┌──
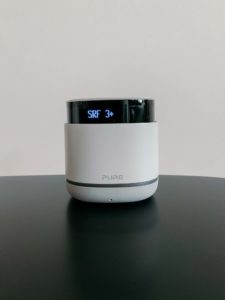 Pure StreamR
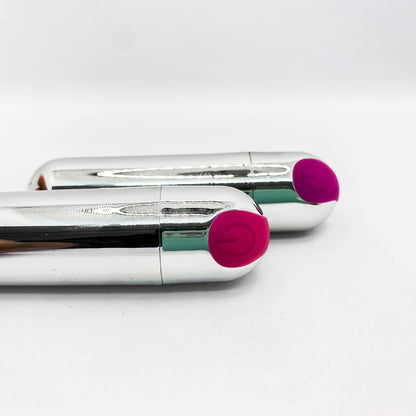 vibrating bullet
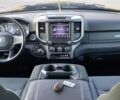 Серый Додж RAM 1500, объемом двигателя 5.7 л и пробегом 202 тыс. км за 33600 $, фото 15 на Automoto.ua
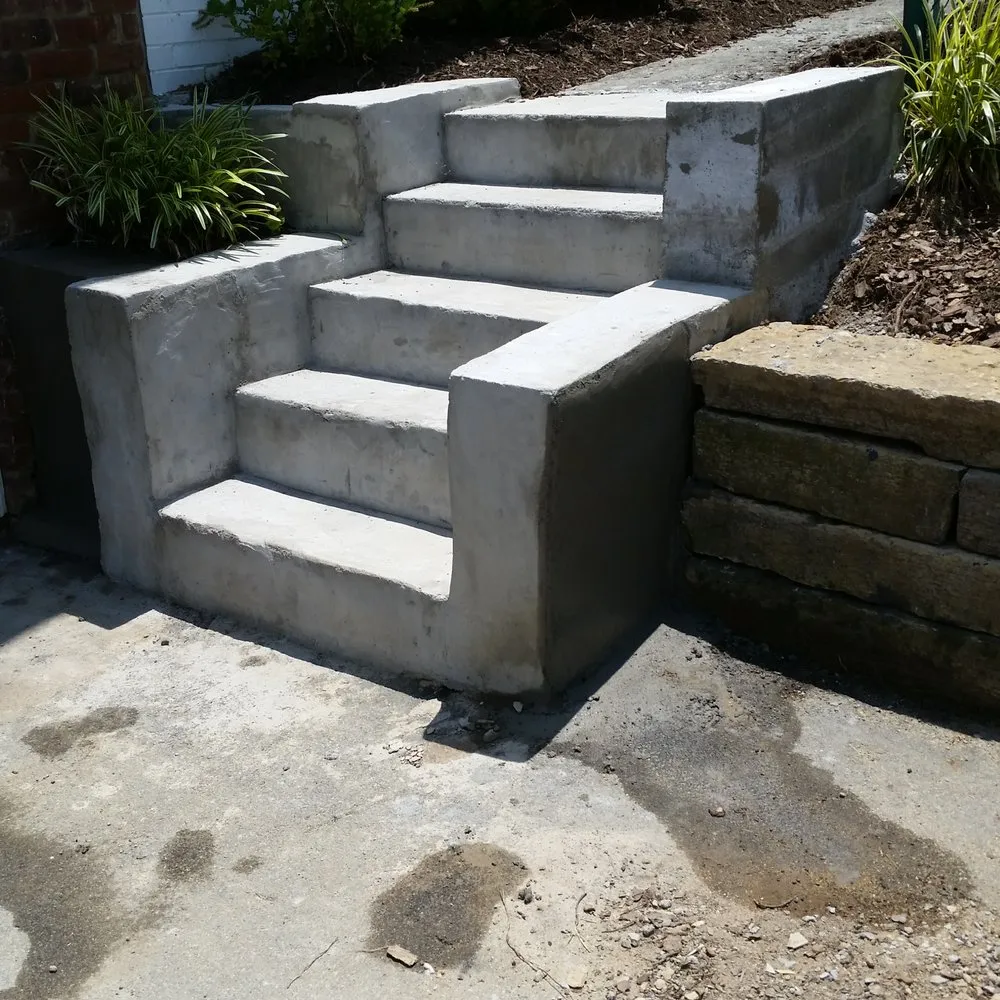 Slide of New World Remodeling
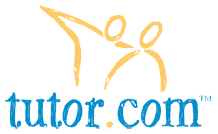 logo for tutor.com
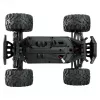 Amewi M-Land Monstertruck 48km/h 4WD 1 16 RTR Raudona (22622)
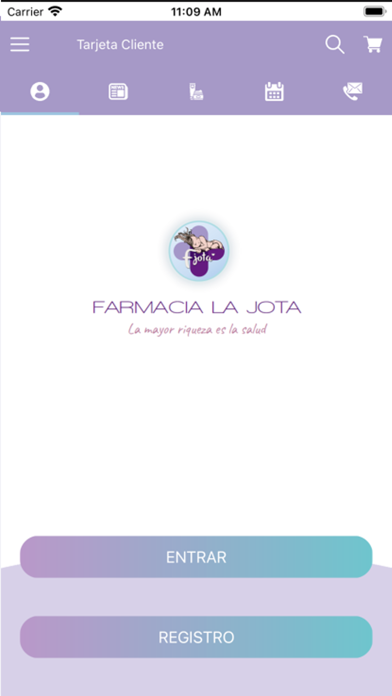 Farma La Jota Screenshot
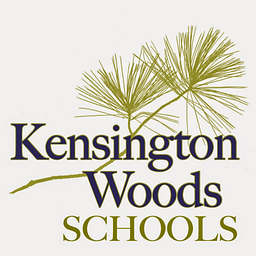 Kensington Woods Schools logo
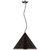 manufacturer_finish:Polished Nickel and Black Rattan|manufacturer_glass:Unspecified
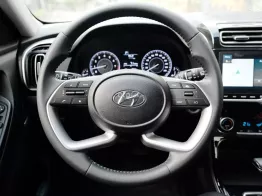 Hyundai Creta 2024 tại Nghệ An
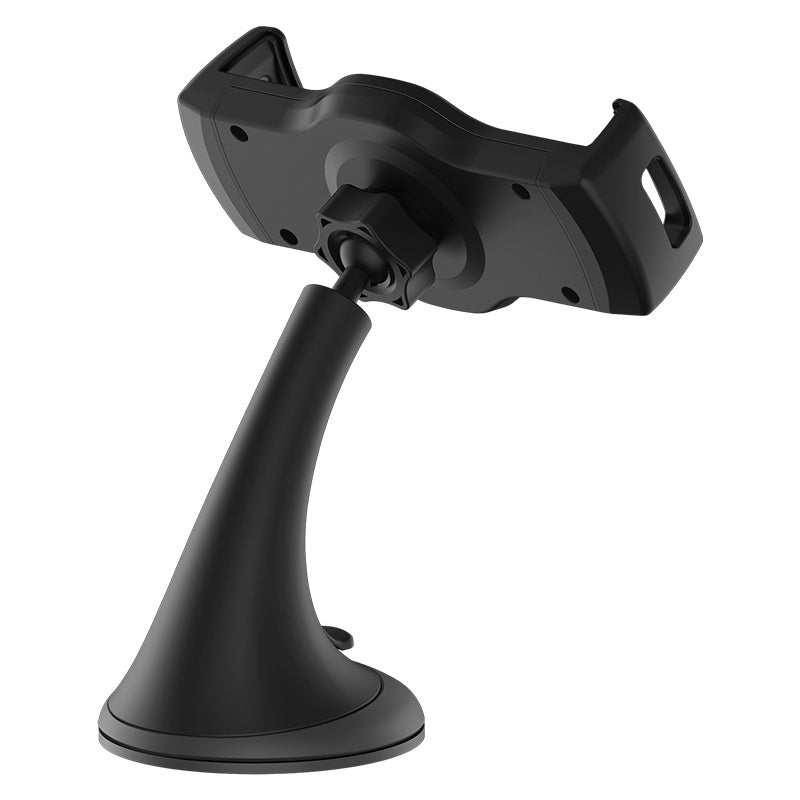 Suport auto universal pentru tablete, montare cu ventuză, Kruger Matz KM1369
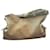 Prada Borsa Hobo in pelle Beige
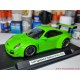 WMLab 1072AW - NSR- Porsche 997 RSR -  "Kermit the frog" for "Left ignition 9^ ed. 20 May 2023" - AW King 21K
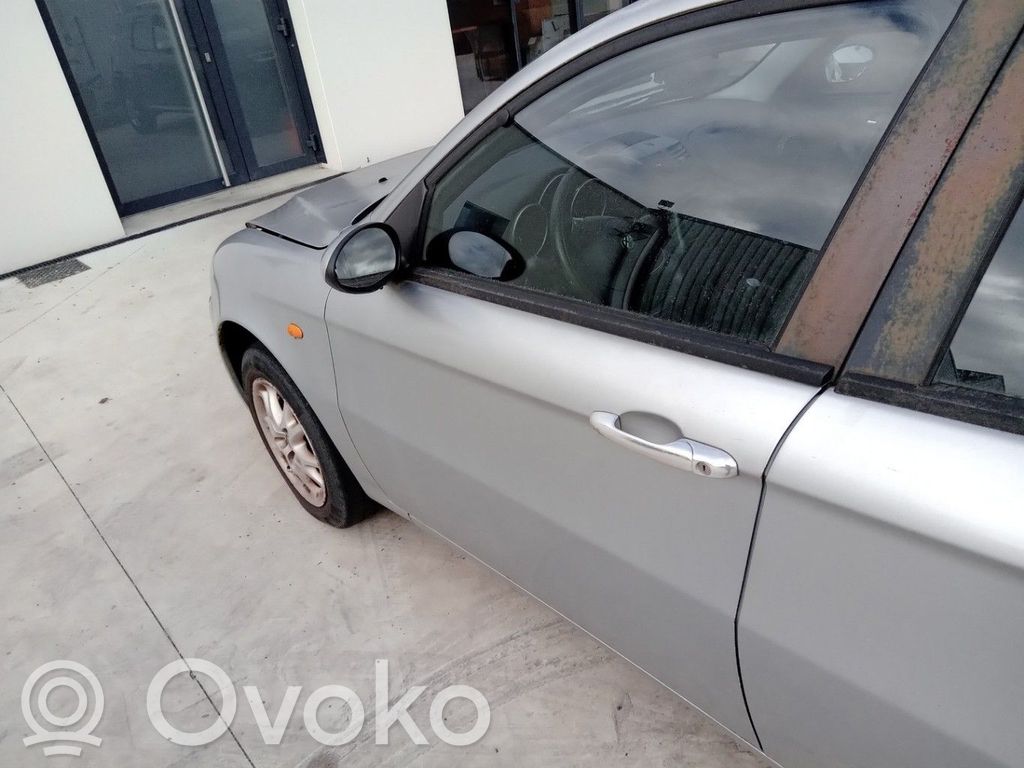 Alfa Romeo 147 Etuovi 
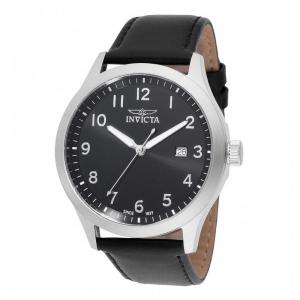 Relógio Masculino Invicta Celestial 43mm Preto 47766
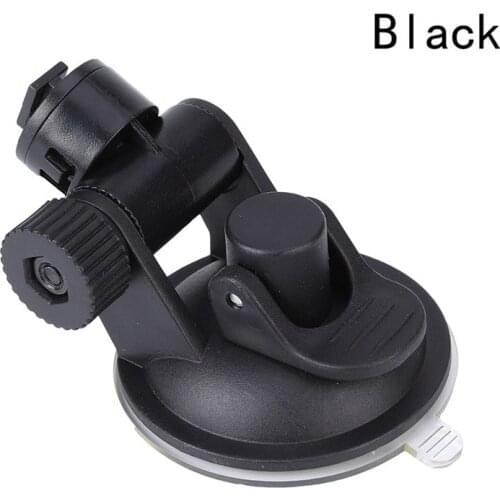 Car Dash Cam CAR DVR Recorder Camera Holder Universal For Auto Windshield Suction Cup GPS Mount Holder Driving Recorder Bracket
└──
Starting at the line that contains "Suport auto universal", retype each line through the final one in the listing, with both ends kept and the pictures omitted.

# Finished exercise:
 Suport auto universal pentru tablete, montare cu ventuză, Kruger Matz KM1369
 Prada Borsa Hobo in pelle Beige
 WMLab 1072AW - NSR- Porsche 997 RSR -  "Kermit the frog" for "Left ignition 9^ ed. 20 May 2023" - AW King 21K
 Alfa Romeo 147 Etuovi 
 Relógio Masculino Invicta Celestial 43mm Preto 47766
 Car Dash Cam CAR DVR Recorder Camera Holder Universal For Auto Windshield Suction Cup GPS Mount Holder Driving Recorder Bracket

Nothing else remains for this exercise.